The goal is to merge outcomes from dataframe (df) A to sub-elements in df B. This is a one to many relationship but, here's the twist, once the records are matched by keys they also have to match over a specific frame of time given by a start time and duration.
For example, a few records in df A:
OBS ID StartTime Duration Outcome
1 01 10:12:06 00:00:10 Normal
2 02 10:12:30 00:00:30 Weird
3 01 10:15:12 00:01:15 Normal
4 02 10:45:00 00:00:02 Normal
And from df B:
OBS ID Time
1 01 10:12:10
2 01 10:12:17
3 02 10:12:45
4 01 10:13:00
The desired outcome from the merge would be:
OBS ID Time Outcome
1 01 10:12:10 Normal
3 02 10:12:45 Weird
Desired result: dataframe B with outcomes merged in from A. Notice observations 2 and 4 were dropped because although they matched IDs on records in A they did not fall within any of the time intervals given.
Question
Is it possible to perform this sort of operation in R and how would you get started? If not, can you suggest an alternative tool?
Set up data
First set up the input data frames. We create two versions of the data frames: A and B just use character columns for the times and At and Bt use the chron package "times" class for the times (which has the advantage over "character" class that one can add and subtract them):
LinesA <- "OBS ID StartTime Duration Outcome
1 01 10:12:06 00:00:10 Normal
2 02 10:12:30 00:00:30 Weird
3 01 10:15:12 00:01:15 Normal
4 02 10:45:00 00:00:02 Normal"
LinesB <- "OBS ID Time
1 01 10:12:10
2 01 10:12:17
3 02 10:12:45
4 01 10:13:00"
A <- At <- read.table(textConnection(LinesA), header = TRUE,
colClasses = c("numeric", rep("character", 4)))
B <- Bt <- read.table(textConnection(LinesB), header = TRUE,
colClasses = c("numeric", rep("character", 2)))
# in At and Bt convert times columns to "times" class
library(chron)
At$StartTime <- times(At$StartTime)
At$Duration <- times(At$Duration)
Bt$Time <- times(Bt$Time)
sqldf with times class
Now we can perform the calculation using the sqldf package. We use method="raw" (which does not assign classes to the output) so we must assign the "times" class to the output "Time" column ourself:
library(sqldf)
out <- sqldf("select Bt.OBS, ID, Time, Outcome from At join Bt using(ID)
where Time between StartTime and StartTime + Duration",
method = "raw")
out$Time <- times(as.numeric(out$Time))
The result is:
> out
OBS ID Time Outcome
1 1 01 10:12:10 Normal
2 3 02 10:12:45 Weird
With the development version of sqldf this can be done without using method="raw" and the "Time" column will automatically be set to "times" class by the sqldf class assignment heuristic:
library(sqldf)
source("http://sqldf.googlecode.com/svn/trunk/R/sqldf.R") # grab devel ver
sqldf("select Bt.OBS, ID, Time, Outcome from At join Bt using(ID)

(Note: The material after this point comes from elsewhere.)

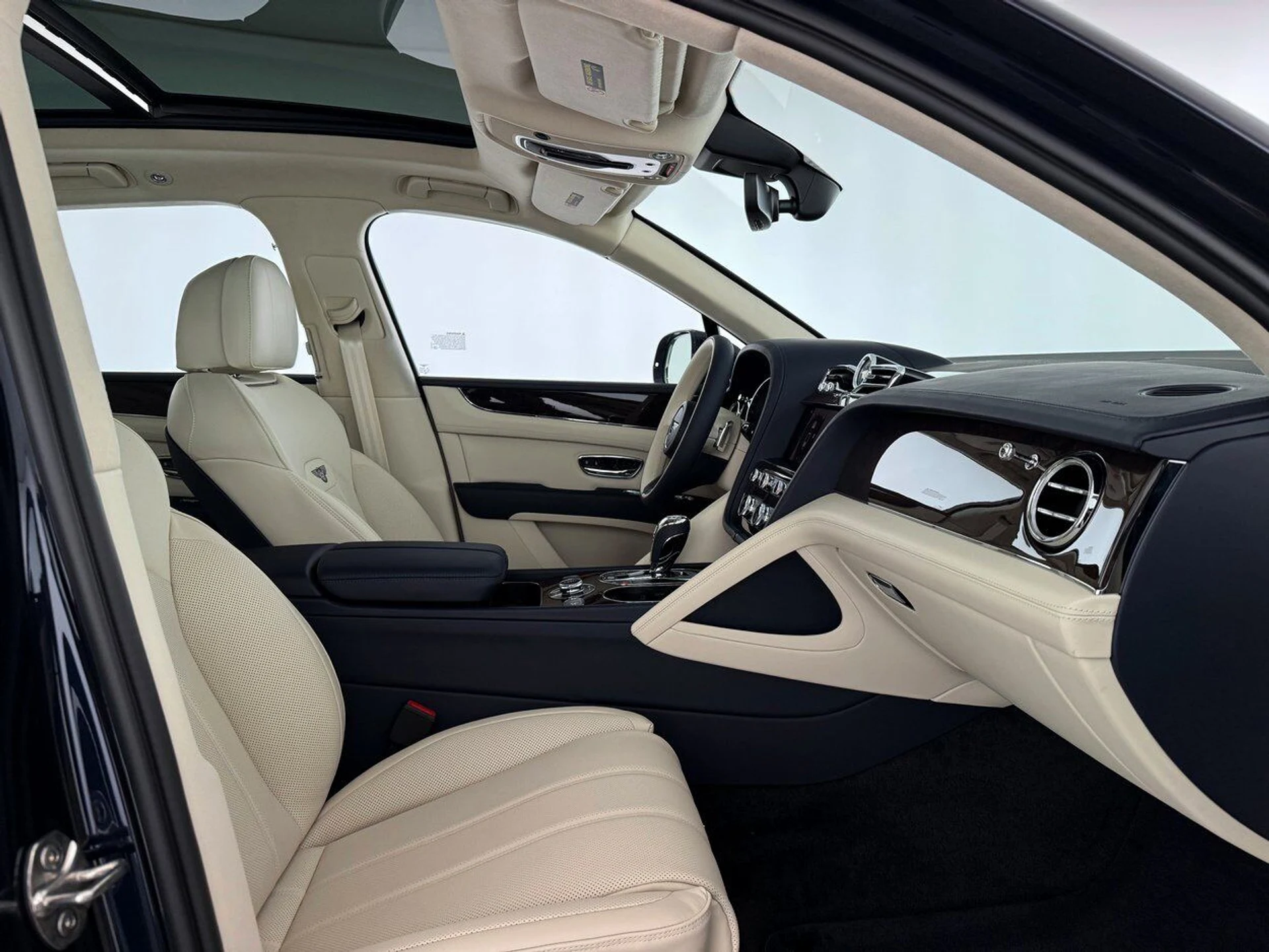 mph029_433614166_1c78db169be780995a64f8d95908cab8_db1e03a2c3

where Time between StartTime and StartTime + Duration")
sqldf with character class
Its actually possible to not use the "times" class by performing all time calculations in sqlite out of character strings employing sqlite's strftime function. The SQL statement is unfortunately a bit more involved:
sqldf("select B.OBS, ID, Time, Outcome from A join B using(ID)
where strftime('%s', Time) - strftime('%s', StartTime)
between 0 and strftime('%s', Duration) - strftime('%s', '00:00:00')")
EDIT:
A series of edits which fixed grammar, added additional approaches and fixed/improved the read.table statements.
EDIT:
Simplified/improved final sqldf statement.
here is an example:
# first, merge by ID
z <- merge(A[, -1], B, by = "ID")
# convert string to POSIX time
z <- transform(z,
s_t = as.numeric(strptime(as.character(z$StartTime), "%H:%M:%S")),
dur = as.numeric(strptime(as.character(z$Duration), "%H:%M:%S")) -
as.numeric(strptime("00:00:00", "%H:%M:%S")),
tim = as.numeric(strptime(as.character(z$Time), "%H:%M:%S")))
# subset by time range
subset(z, s_t < tim & tim < s_t + dur)
the output:
ID StartTime Duration Outcome OBS Time s_t dur tim
1 1 10:12:06 00:00:10 Normal 1 10:12:10 1321665126 10 1321665130
2 1 10:12:06 00:00:10 Normal 2 10:12:15 1321665126 10 1321665135
7 2 10:12:30 00:00:30 Weird 3 10:12:45 1321665150 30 1321665165
OBS #2 looks to be in the range. does it make sense?
Merge the two data.frames together with merge(). Then subset() the resulting data.frame with the condition time >= startTime & time <= startTime + Duration or whatever rules make sense to you.